- Born: Mary Fitchett Johnson 25 October 1779 Newport, Isle of Wight
- Died: 1 March 1863 (aged 83) Bridge of Earn, Perth, Scotland
- Occupation: Poet
- Spouse: George Moncrieff
- Children: 1

= Mary F. Johnson =

English Romantic poet (1779–1863)

Mary Fitchett Johnson (25 October 1779 – 1 March 1863) was an English Romantic poet.

== Biography ==
Mary Fitchett Johnson was born on 25 October 1779, in Newport, Isle of Wight. She published Original Sonnets, and Other Poems in 1810 when she was living in Wroxall, Isle of Wight. She describes the poems as "the first attempt of a secluded, unknown and inexperienced female", and written for amusement and the relief of pressure. The poems treat conventional Romantic subjects such as the moods and the natural world, and one of them responds to the poetry of Mary Robinson.
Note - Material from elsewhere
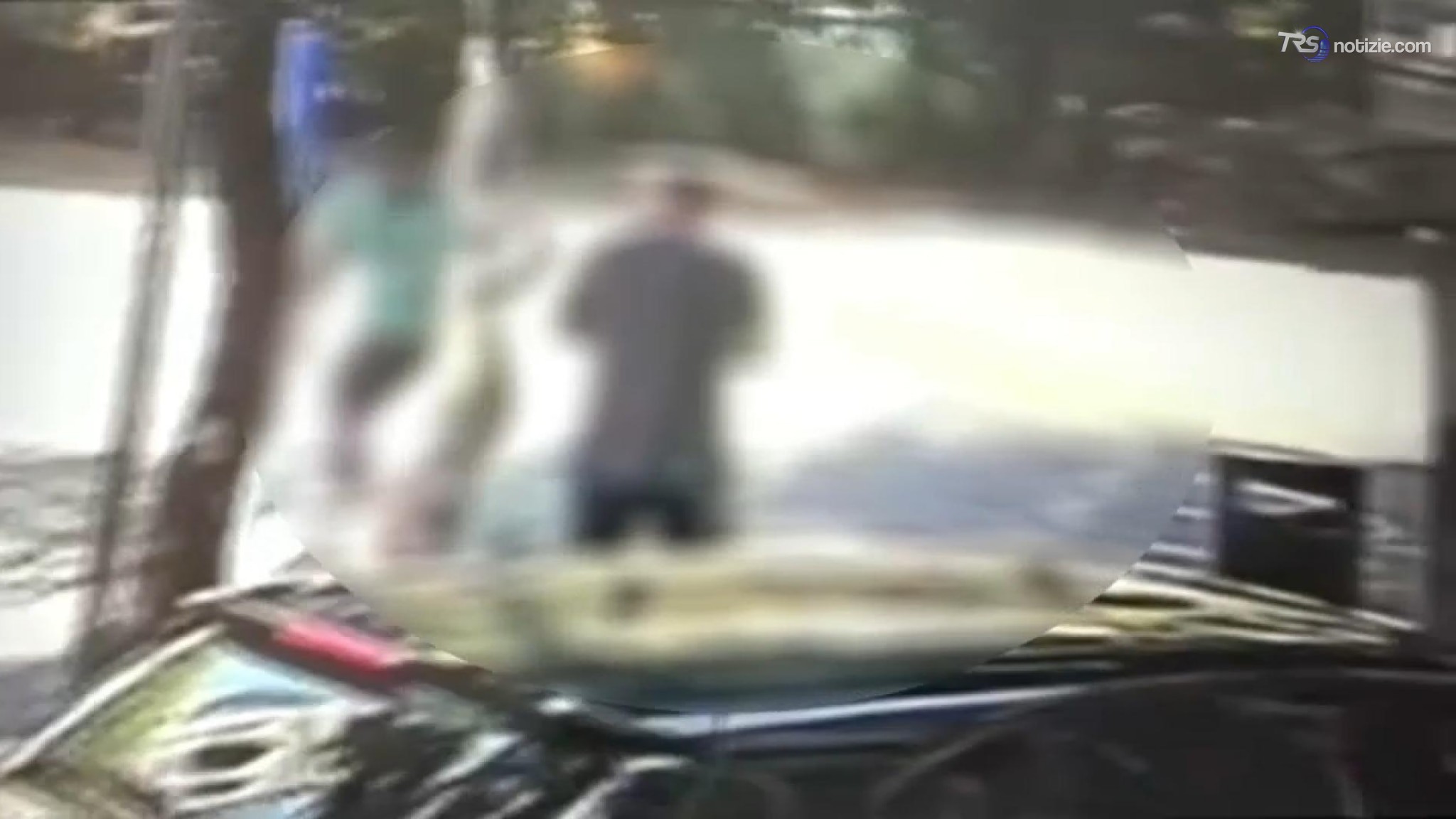Caserta, clochard ucciso in piazza dopo una brutale aggressione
The collection received generally favourable reviews for its taste and feeling. According to Johnson's cousin, who submitted her last poem "A Dream of the Isle of Wight" to the Gentleman's Magazine soon after her death, "for some mysterious reason, she suppressed the sale of the book."

Johnson married George Moncrieff in 1814 and they had a daughter, Georgiana. Johnson died on 1 March 1863, in Bridge of Earn, Perth.